该项目的主要目标是确定左心房（LA）纤维化患者血栓形成的潜在机制 并通过前瞻性概念验证临床研究来验证这一新知识，心房颤动（AFib）影响了数百万人。 美国人患中风的风险增加了五倍，中风是导致死亡和发病的主要原因。 缺血性中风是由 AFib 患者的血栓栓塞引起的。在没有 AFib 的患者中，未确定的栓塞性中风。 目前 AFib 和 ESUS 中的卒中风险分层工具（例如，ESUS）占缺血性卒中的另外 30%。 CHA2DS2-VASc）的预测准确性不足，导致许多患者要么未得到充分的中风预防治疗，要么过度治疗 越来越多的证据表明，LA 纤维化治疗是一种机械联系。 AFib 和 ESUS 之间的研究是一项非常有前途的进展，可以为预防中风开辟新的途径。 利用这个机会需要详细了解纤维化心房容易形成血栓的机制， 无论有或没有 AFib，纤维化都会对 LA 产生复杂的结构、电和收缩影响。 通过改变 LA 血流动力学独立或协同影响血栓形成风险，但先前的工作尚未系统地 评估相互依赖性或澄清每个因素的相对重要性这是由于与相关的困难。 计算模型的实验操作和获取提供了一种方法。 解决这一关键知识差距的前所未有的机会具体来说，是创建一个多尺度、多层次的平台。 物理框架，可以全面模拟每个独特的患者特异性 LA 的促血栓潜力 我们的中心假设是 LA 纤维化是决定每个人患纤维化风险的关键机制因素。 由结构、电和收缩因素引起的血栓栓塞性中风我们的方法包括三个具体目标。 目标 1 将开发和校准一个集成电生理学、生物力学和机械学的计算框架 我们将参数化患者特异性 LA 模型中的流体模型，特别注意解决纤维化的影响。 该框架使用多模态磁共振成像采集患有既往中风和非 AFib 的 AFib 患者， 目标 2 将使用新的计算框架来系统地表征机械连接。 我们将检查每个人的纤维化程度/模式、LA 解剖结构、 和对突发机电现象的敏感性相结合（有或没有模拟 AFib）来创建 目标 3 将验证可通过计算建模表征的血栓形成环境。 我们将在一项概念验证前瞻性临床研究中研究纤维化与复发性中风/脑微梗死的风险之间的关系。 检查一组高危 ESUS 患者，但特别是目前没有口服抗凝药物的指征，我们将测试是否存在这种情况。 模型预测的 LA 形状、纤维化模式、机电紊乱和血液紊乱的血栓形成组合 我们经过验证的多物理建模框架将存在于经历更多不良后果的患者中。 首次对纤维化介导的中风机制产生新的见解，并为数百万人的新治疗方法铺平道路 处于抗凝治疗边缘候选者的患者（例如，具有中等风险评分的 ESUS 或 AFib 患者）。

项目成果

Pulmonary vein flow split effects in patient-specific simulations of left atrial flow.

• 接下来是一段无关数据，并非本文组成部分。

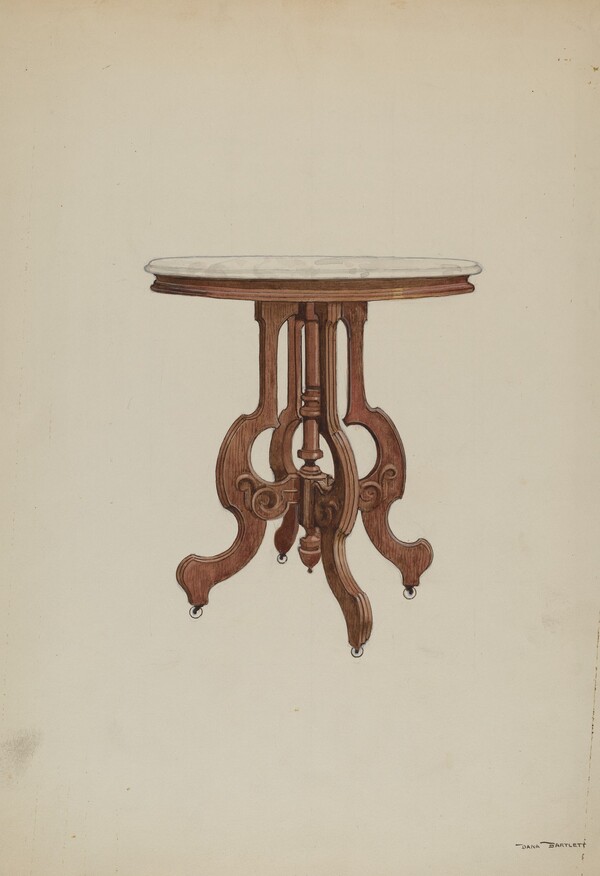Center Table, with Marble Top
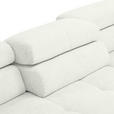 ECKSOFA Weiß Flachgewebe  - Chromfarben/Weiß, KONVENTIONELL, Textil/Metall (282/224cm) - Hom`in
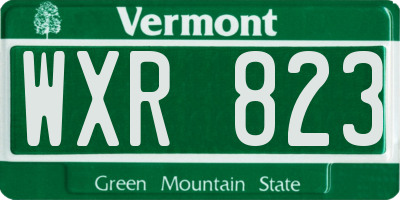 VT license plate WXR823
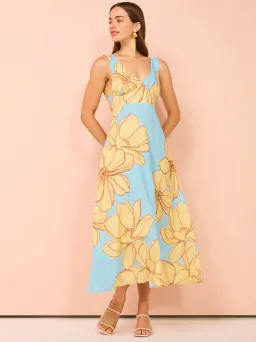 Issy V Neck Midi Dress in Summer Print Size 10 for rent on The Volte - image 1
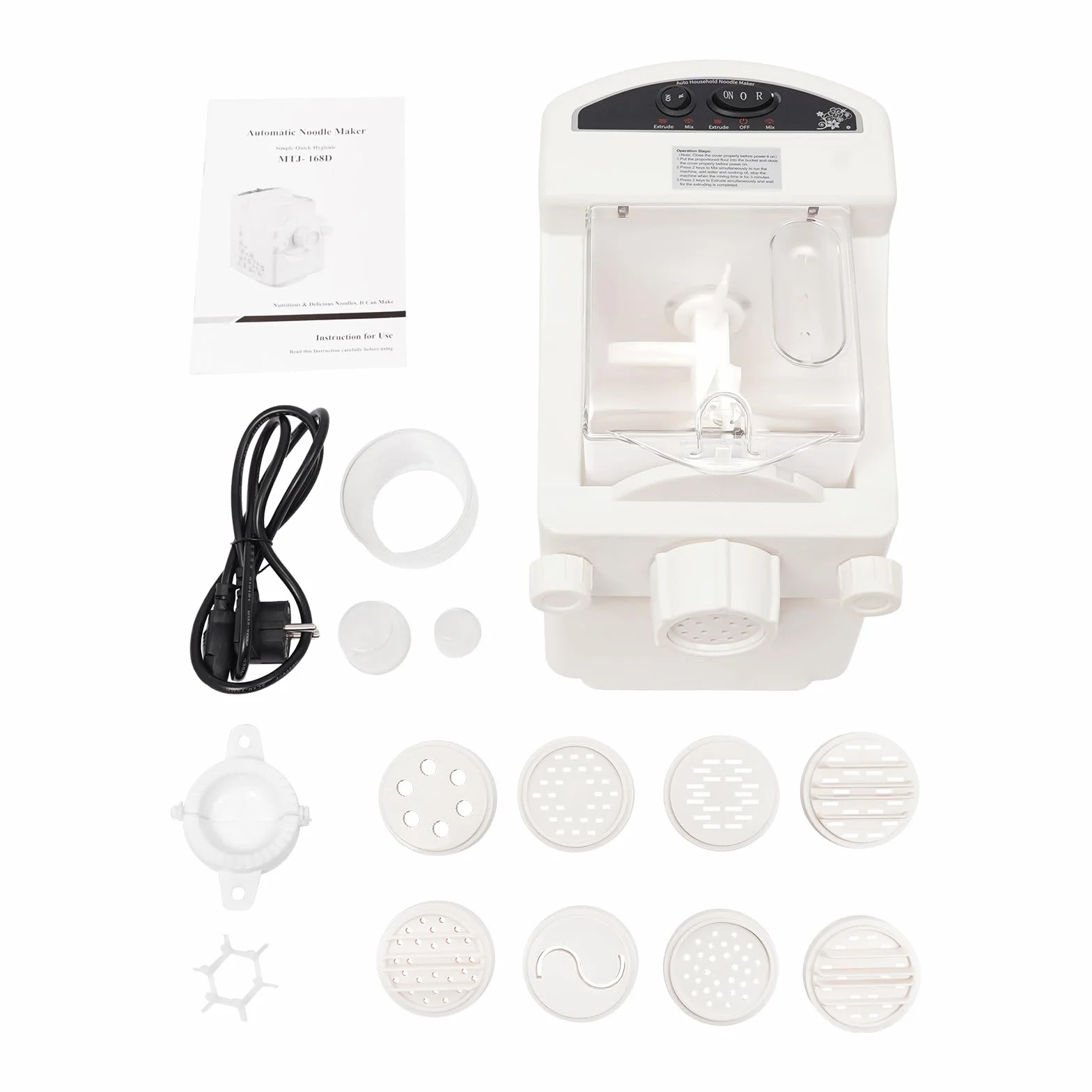Macchina elettrica per pasta da 180 W, 220 V, macchina per pasta elettrica multifunzione, con 9 testine di formatura, completamente automatica, per uso domestico, per sfoglia per ravioli, spaghetti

• DOI: 10.1016/j.compbiomed.2023.107128
• 发表时间: 2023-09
• 期刊: Computers in biology and medicine
• 影响因子: 7.7

Cryoballoon temperature parameters during cryoballoon ablation predict pulmonary vein reconnection and atrial fibrillation recurrence.

冷冻球囊消融期间的冷冻球囊温度参数可预测肺静脉重新连接和心房颤动复发。

• DOI: 10.1007/s10840-022-01429-0
• 发表时间: 2023
• 期刊: Journal of interventional cardiac electrophysiology : an international journal of arrhythmias and pacing
• 作者: Chahine,Yaacoub;Afroze,Tanzina;Bifulco,SavannahF;Macheret,Fima;Abdulsalam,Nashwa;Boyle,PatrickM;Akoum,Nazem
• 通讯作者: Akoum,Nazem

MRI-quantified left atrial epicardial adipose tissue predicts atrial fibrillation recurrence following catheter ablation.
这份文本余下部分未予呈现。